In [1]:
%load_ext lab_black
import subprocess, os

# Input and Parameters

Tips for call histone: change fragment size and set `broad=True` 

In [2]:
# MODIFY THIS CELL

# system control
env_bin = "/home/coco/miniconda3/envs/cut_run/bin/"
num_cpus = 30

# sample name: give more detailed, cell type, experiment, targets etc...
out_prefix = "/Extension_HDD1/Xen_PP/data/cXen_Sox17_CR_rep1/cXen_Sox17_CR_rep1"

# FASTQ input paths
R1 = "/Extension_HDD1/Xen_PP/data/cXen_Sox17_CR_rep1/nR161-L3-G7-P053-GAATTCGT-GCCTCTAT-READ1-Sequences.txt.gz"
R2 = "/Extension_HDD1/Xen_PP/data/cXen_Sox17_CR_rep1/nR161-L3-G7-P053-GAATTCGT-GCCTCTAT-READ2-Sequences.txt.gz"

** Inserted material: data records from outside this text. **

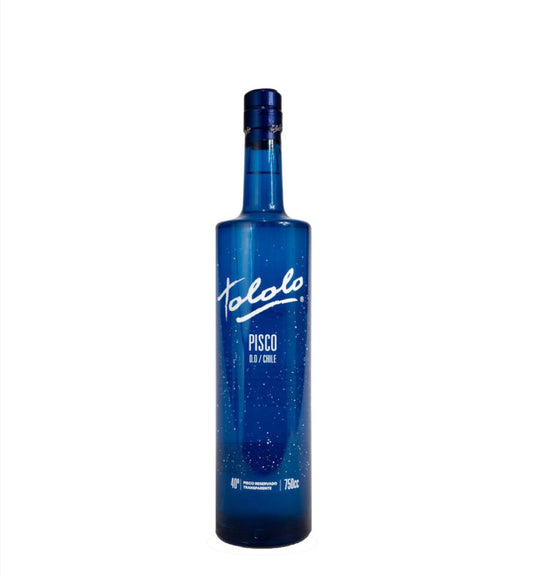 Pisco Tololo Blue - Portal Voy licores artesanales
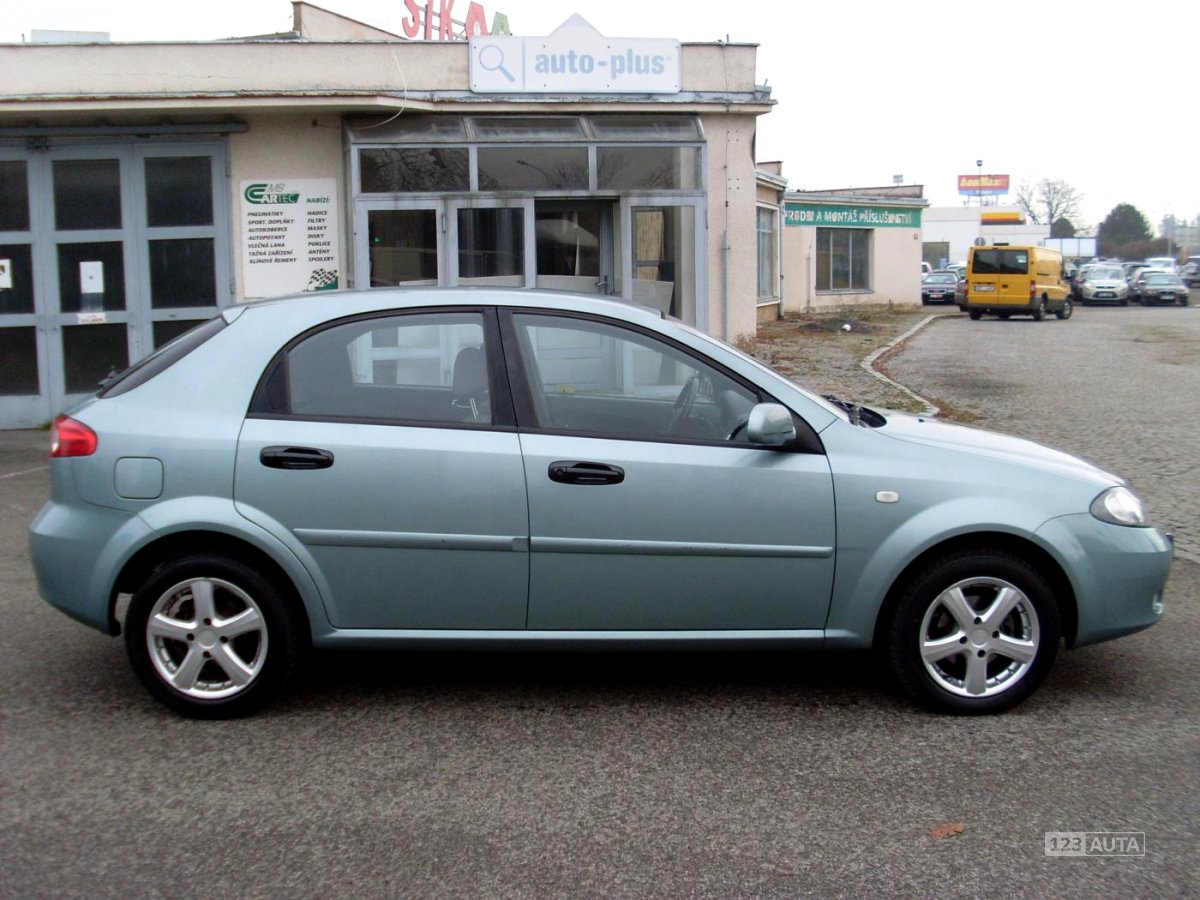 Chevrolet Lacetti, 2007 - pohled č. 4
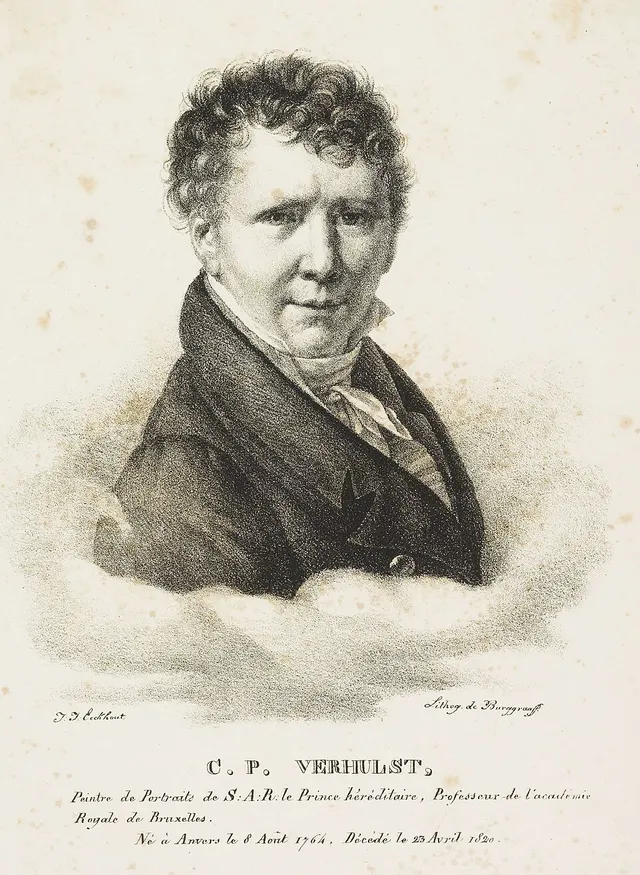 Charles Pierre Verhulst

# adaptor sequence for Trimmomatic
adaptor_seq_fa = "/Extension_HDD1/Xen_PP/TruSeqAdapters.fa"

# bowtie2 mapping setup
genome_index = "/home/software/bowtie2-2.2.9/genome/mm10/mm10"

# fragment size
low, high = 0, 120

# server for bigwig
url = "http://unzip.4d-genome.com:8080/paula/Test_Clean_Regularly/"
webdir = "/usr/local/apache2/htdocs/paula/Test_Clean_Regularly/"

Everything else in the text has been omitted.